On January, 1937, plaintiff contracted to sell to Frey & Horgan a certain quantity of cottonseed oil. Frey & Horgan, through attorney Diamond, brought suit against plaintiff in New York for breach of contract. The contract contained a provision relating to arbitration as follows: “Any dispute arising as to quality, condition and/or quantity shall be settled by arbitration in San Francisco, Calif., and the decision of such arbitration shall be final and binding on both parties unless satisfactory adjustment is agreed upon between you and us.” Upon Mitsuils motion, the New York Supreme Court, on November 17, 1937, stayed all proceedings in the action until arbitration was had in San Francisco in accordance with the terms of the contract. This order was affirmed by the Appellate Division on January 14, 1938. Frey & Horgan Corp. v. Mitsui & Co., 253 App.Div. 794, 1 N.Y.S.2d 1018. In September, 1939, Mitsui made a motion to dismiss for Frey & Horgan’s failure to prosecute, This motion was withdrawn by Mitsui “without prejudice to a renewal thereof,” and Mitsui then made a motion for discontinuance. In its order granting this motion, dated November 27, 1939, — Misc. —, 27 N.Y.S.2d 555, the New York Supreme Court said: “The submission by the parties to arbitration, of itself, worked a discontinuance of the action. Furthermore, the award by the arbitrators has been duly confirmed, so that the final conclusion of the claim by arbitration results in a discontinuance. The action is, therefore, deemed discontinued without costs to either party as against the other. McNulty v. Solley, 95 N.Y. 242; Keep v. Keep, 17 Hun 152; Larkin v. Robbins, 2 Wend. 505; Smith v. Barse, 2 Hill 387; Jacoby v. Johnston, 1 Hun 242. The discontinuance here is without prejudice to any lien of the plaintiff’s attorney.”

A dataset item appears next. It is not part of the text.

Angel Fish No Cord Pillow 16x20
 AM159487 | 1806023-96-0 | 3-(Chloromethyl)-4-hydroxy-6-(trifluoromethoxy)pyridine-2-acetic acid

Diamond contends that notwithstanding the discontinuance of the fiction in New York and the resort to arbitration in California, his alleged lien attaches to the fund. In construing section 475 of the Judiciary Law, the Surrogate’s Court, New York County (In re Levine’s Estate, 154 Misc. 700, 278 N.Y.S. 36, 40), said that the rule established by the authorities appears to be that an attorney’s lien will be enforced if (1) services were rendered by the attorney in an action or special proceeding in a judicial tribunal; (2) the fund against which the lien is asserted is under the jurisdiction of the court in which the lien is sought to be enforced; and (3) the fund is the result of the action or proceeding in which the services were rendered.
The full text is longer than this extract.